An old friend, Madonna's lippy, a freshly creosoted fence, and a beautifully refreshing lassi
Abundance: Sunday 22 June 2025
15 years ago I had been commissioned to write my third book and the second I was writing for River Cottage - the Fruit handbook. The advance was miserable but I spent a sizeable wedge of it on a new camera. That camera was a Nikon D3s. It was heavier than Lou Reed’s Berlin and had the heft of a family-sized lardy cake. I bought a few lenses for it - an unspeakably fast 50mm and a 105 macro for closer in being my favourites.
Spending the money felt both scary and utterly delicious. It felt wrong; it felt right. And it was most certainly something that made me realise I was taking myself seriously for a change. Or perhaps it was something that made me take myself seriously for a change.
It became like an extension of me - my fingers knew the buttons and dials without me looking; it felt like I could change any parameter almost by thinking of it, so instinctual were the movements required.
I used it to shoot three River Cottage Handbooks - Fruit, Chicken and Eggs, Herbs (for Nicki Duffy) - A Year at Otter Farm, The New Kitchen Garden, Sour, Ferment, Herb, Spice, and half of Vegetables; as well as My Cool Allotment, My Tiny Indoor Garden, Petal Leaf Seed, The Speedy Vegetable Garden, and My Tiny Veg Plot for
and The Book of Preserves by Pam Corbin. 17 books plus all those features and blog posts brought to life by the snap of its shutter, the crazy sensitivity of its sensor and the brilliance of those lenses. The images almost took themselves. The camera body has worked out at £250 or so for each book. As bargains go…I used it until around two years ago, with the macro lens began to stiffen and slow and the camera got a little cranky here and there. The Fujifilm I got to replace it is fun, and films exceptional quality video too. But this week I got the urge to get the old heavy lump charged up and see if it still worked well enough. I missed it without realising and now here it was.
I let it lead me around the garden. It’s so often a surprise what the camera sees and your eyes don’t. When I see comfrey I have eyes only for the light backlighting the leaves, their veins revealed; while the camera loves the pinks and purples of the flowers more.
The perennial kale too, with its Amazon-like network of purple veins, giving me every bit a much pleasure as when I eat it. The camera seems to love the symmetry of the stems at least as much.
While I am transfixed by the bulbils that form at the top of each stem of the Egyptian walking onions at this time of year, the camera somehow conveys that the stems are not thin, grass-like leaves, but hollow cylinders holding those bulbils aloft.

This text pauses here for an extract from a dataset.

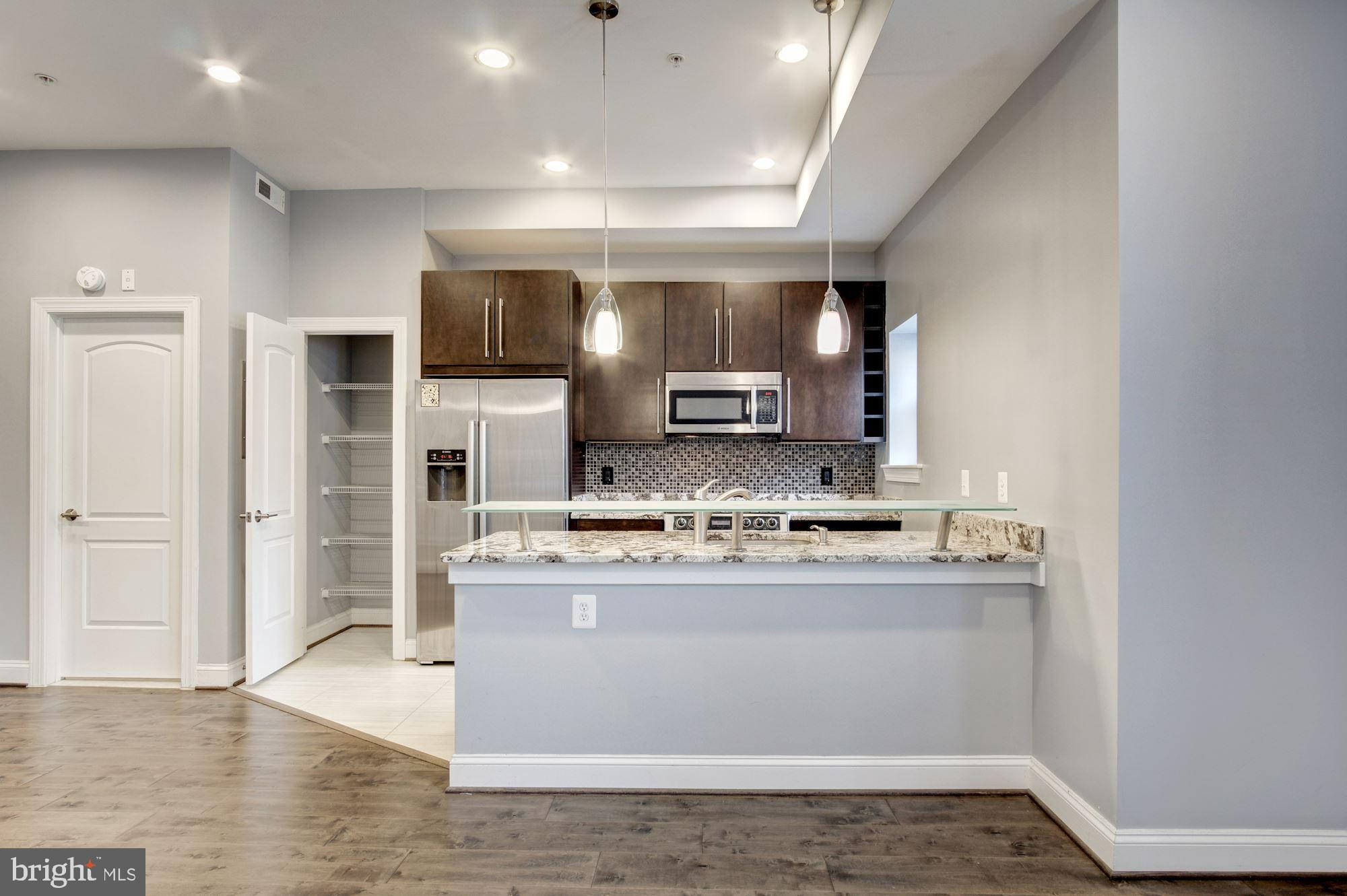 1333 Euclid Street Northwest, Unit 202 Washington, DC 20009 - Photo 3 of 14 a view of kitchen with cabinets microwave and refrigerator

Buckler leaved sorrel1 is a delight of a salad leaf - its grassy sourness the product of oxalic acid in its leaves. Let it flower and soon after it produces the most astonishing seeds. Madonna’s lippy and teddy boys’ socks in colour, and a lively burst of fresh lemon on the tongue, the seeds are SO good. I now almost never harvest the leaves; it is the seeds I’m after. Thrown into salads, leafy and fruity, or a few floating in a cocktail - a martini most certainly - bring delicious, sharp punctuation. If all you do is sit in the garden and pop a few in, one at a time and pull lemonade face, it’ll be worth your time. And yes, I hadn’t spotted the fly peering around a seed that the camera noticed.
There are two young mulberries in the garden. The white mulberry, produces short, creamy white fruit that are really good; the birds claim a heavy tax from them.
The second is Pakistan, the variety with the longest fruit I’ve ever seen on a mulberry. Most of the young fruit are tight, green and immature; here and there, the odd fruit is making a run for it.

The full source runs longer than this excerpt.